■ Task to carry out: Please transcribe the records precisely; pictures stay out of your copy.

■ Data shown:
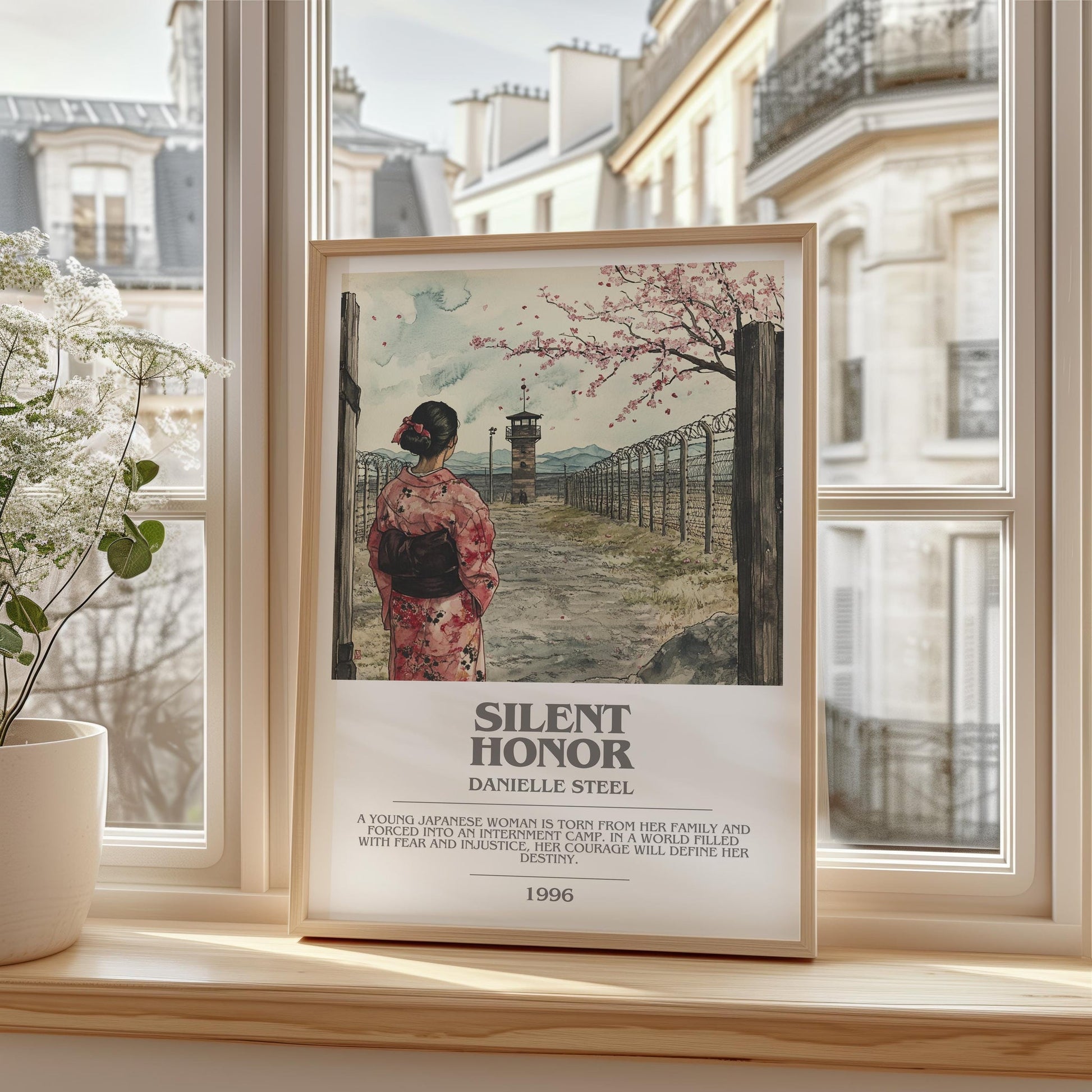 Silent Honour bookish print framed by window – literary home decor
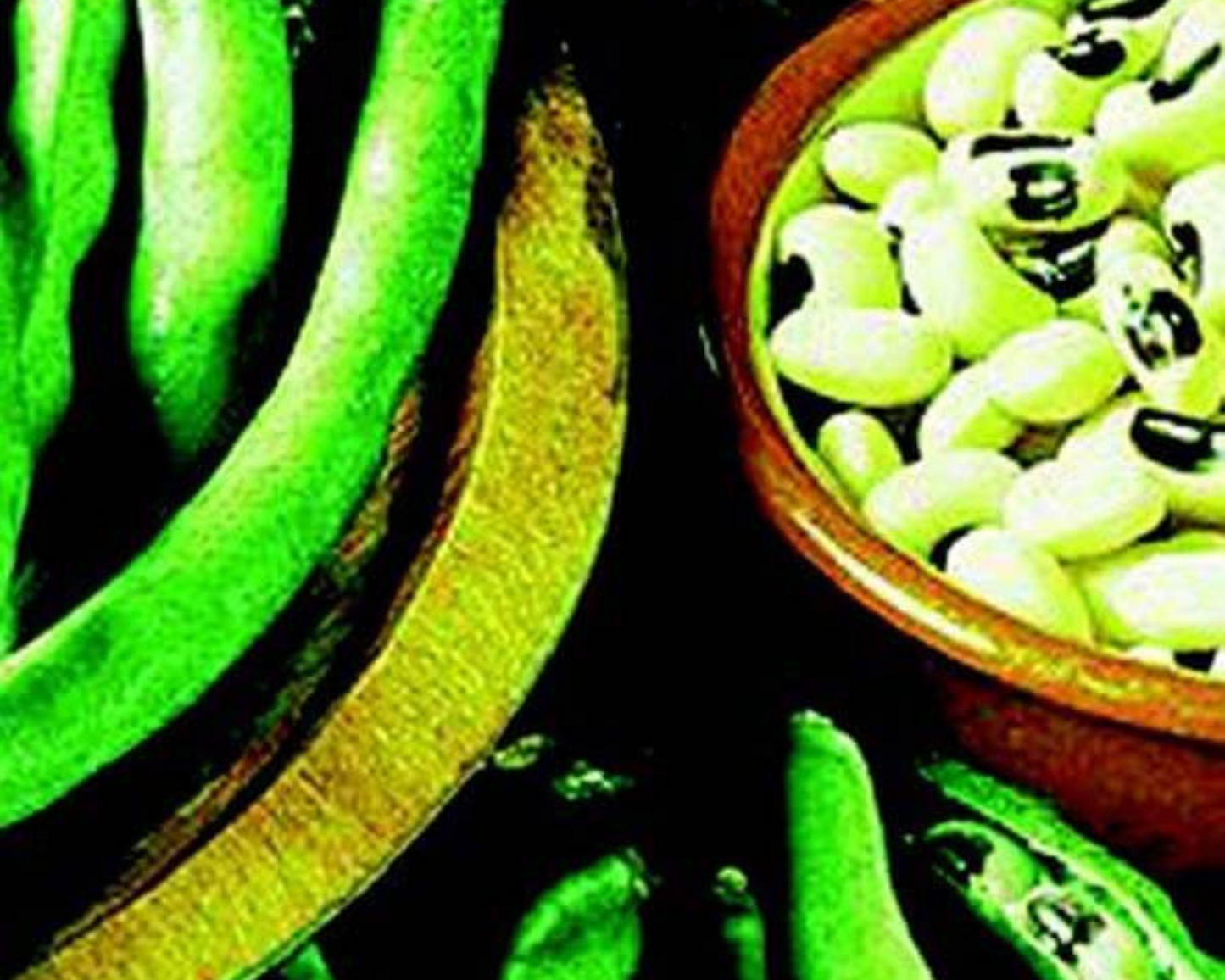 Packet of Seeds 'n Such California Blackeye No. 5 Bean Seeds showing vibrant seed packet for planting.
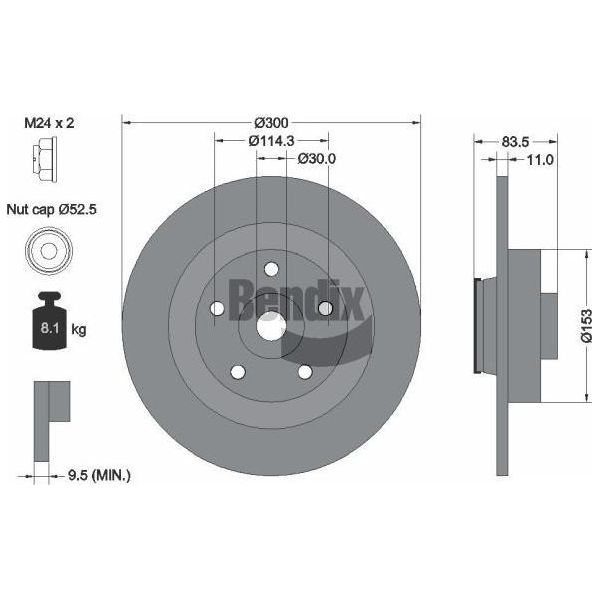 Bendix Braking BDS1285 Disco Freno Oe 402020003R Compatibile Con Laguna, Latitude-image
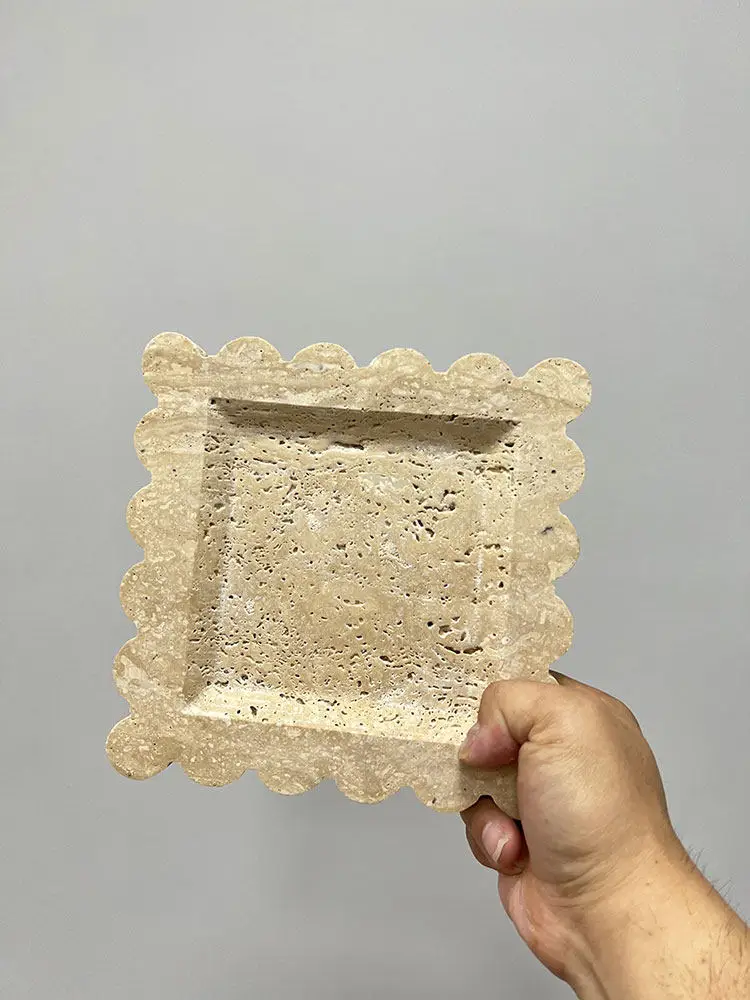 French Retro Scalloped Onyx Marble Tray Korean Blogger Designer Ins Style Travertine Stone Aromatherapy Plate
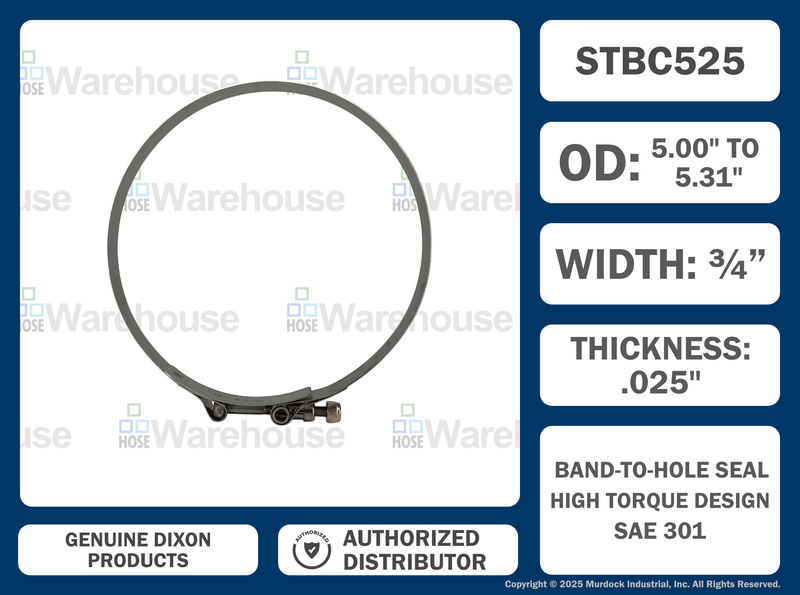 STBC525 by Dixon Valve | Style STBC | T-Bolt Clamp | 3/4" Band Width | Hose OD Range: from 5.00" to 5.31" | 300 Stainless Steel Band & Bolt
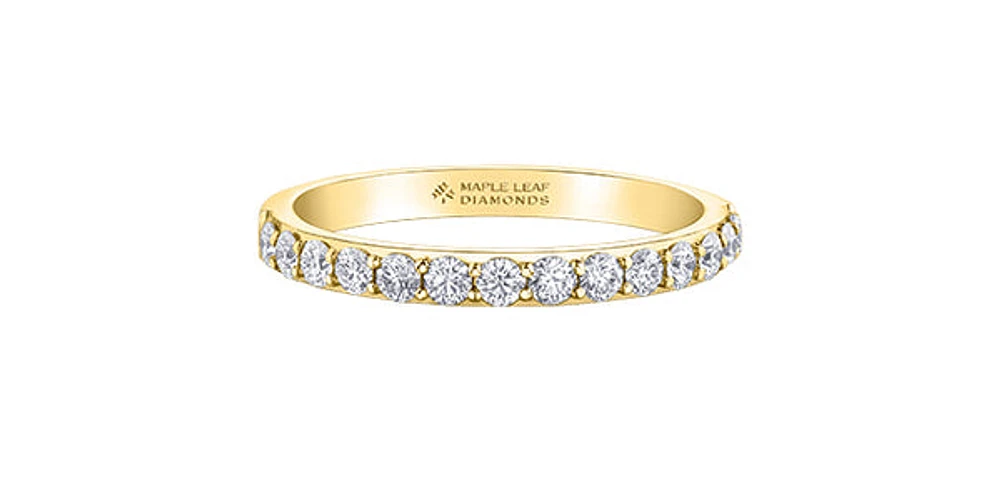 18K Yellow Gold 0.30cttw Canadian Diamond Band - size 6.5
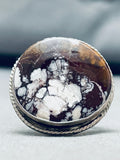Huge Vintage Native American Navajo Circle Agate Sterling Silver Ring-Nativo Arts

■ Response:
 Silent Honour bookish print framed by window – literary home decor
 Packet of Seeds 'n Such California Blackeye No. 5 Bean Seeds showing vibrant seed packet for planting.
 Bendix Braking BDS1285 Disco Freno Oe 402020003R Compatibile Con Laguna, Latitude-image
 French Retro Scalloped Onyx Marble Tray Korean Blogger Designer Ins Style Travertine Stone Aromatherapy Plate
 STBC525 by Dixon Valve | Style STBC | T-Bolt Clamp | 3/4" Band Width | Hose OD Range: from 5.00" to 5.31" | 300 Stainless Steel Band & Bolt
 18K Yellow Gold 0.30cttw Canadian Diamond Band - size 6.5
Huge Vintage Native American Navajo Circle Agate Sterling Silver Ring-Nativo Arts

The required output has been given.